== Work to be completed ==
Look below for the line containing "Spacious 3 2"; write out that line and each one after it to the end, exactly, and nothing else.

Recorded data
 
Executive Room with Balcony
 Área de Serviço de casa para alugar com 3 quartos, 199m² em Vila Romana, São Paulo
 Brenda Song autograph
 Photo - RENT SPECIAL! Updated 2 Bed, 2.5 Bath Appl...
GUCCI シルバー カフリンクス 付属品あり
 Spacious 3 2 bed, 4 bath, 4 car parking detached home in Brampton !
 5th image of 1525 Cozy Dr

== Result of the exercise ==
 Spacious 3 2 bed, 4 bath, 4 car parking detached home in Brampton !
 5th image of 1525 Cozy Dr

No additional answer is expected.